I started using PyTorch recently, and I’m very impressed so far; thank you for making it! I installed PyTorch with the pip install, and am using Python 2.7.6
Original Post, Disregard
I noticed steadily increasing memory usage during training a CNN. Here is my training step:
def training_step(self, trainingdata, traininglabels):
self.optimizer.zero_grad() # zero the gradient buffers
prepared_data = self.prepare_data(trainingdata, (len(trainingdata), self.channels_in, self.height, self.width))
indices = np.nonzero(traininglabels)[1] #turn one-hot labels into indices (how Pytorch does it)
prepared_indicies = self.prepare_data(indices, np.shape(indices), dtype=np.int64) #prepare to go into GPU (and do int64 to get longTensor, which is how Pytorch wants the labels)
output = self(prepared_data).cuda()
error = self.loss(output, prepared_indicies).cuda()
error.backward()
self.optimizer.step() # Does the update
def prepare_data(self, data, shape, dtype = np.float32): #prepare train or val/test data for a pass through the network
reshaped = data.reshape(shape).astype(dtype) #correct shape, correct dtype
reshaped = torch.from_numpy(reshaped) #make torch tensor
return Variable(reshaped.cuda()) #put that in torch var
If I comment out
output = self(prepared_data).cuda()
error = self.loss(output, prepared_indicies).cuda()
error.backward()
self.optimizer.step() # Does the update
the leak does not occur. Therefore, the leak occurs in those lines.

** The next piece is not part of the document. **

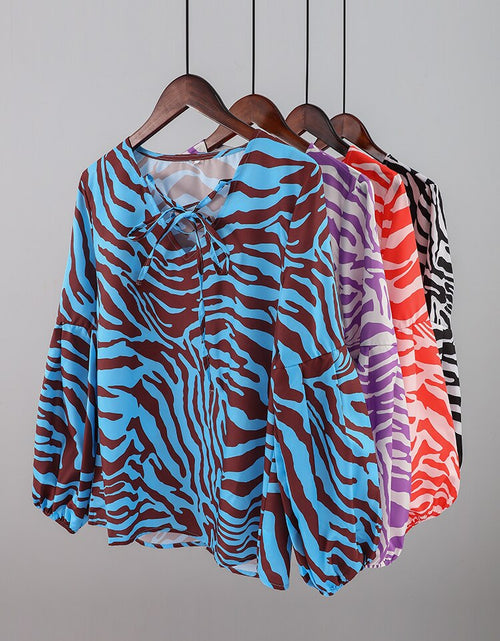 Load image into Gallery viewer, Zebra V-neck Women Blouse
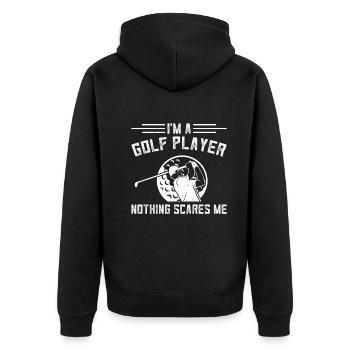 Je suis un joueur de golf Rien ne me fait peur - Golf Golf - Veste à capuche bio Premium Unisexe - noir - Dos - Nico (187cm)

if I add, as suggested by Tracking down a suspected memory leak
torch.backends.cudnn.enabled = False
performance is degraded by approximately 40%, but the leak is less severe (approximately 50MB/epoch instead of 200MB). If I then add
del output
del error
To the end of my training step, the memory leak seems to go almost entirely! (approx 3MB/epoch). However, if I add the del lines, but not the enabled = False line, the leak is still present.

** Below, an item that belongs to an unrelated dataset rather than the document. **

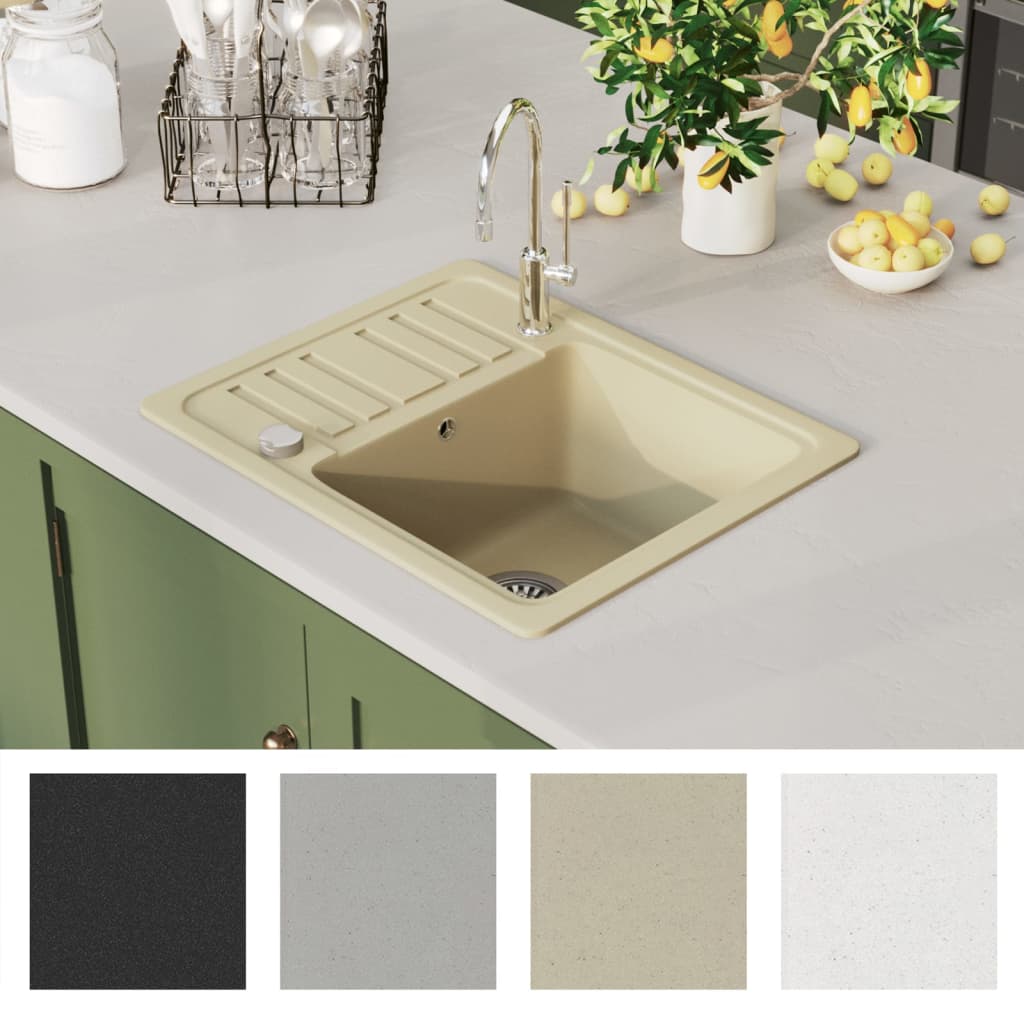 Granite Kitchen Sink Single Basin Beige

Is this a bug or am I missing some sort of clean-up step in my code? Am I supposed to use the del lines? Is there some kind of work-around that would allow me to get the better performace (present without the enabled = False line) without the memory leak?
Never mind, disregard the above, I recorded some of my tests incorrectly,
torch.backends.cudnn.enabled = False
does completely solve the leak by itself. However, it is about 40% slower. Is there any way that I can get the speed without the memory leak? Thanks!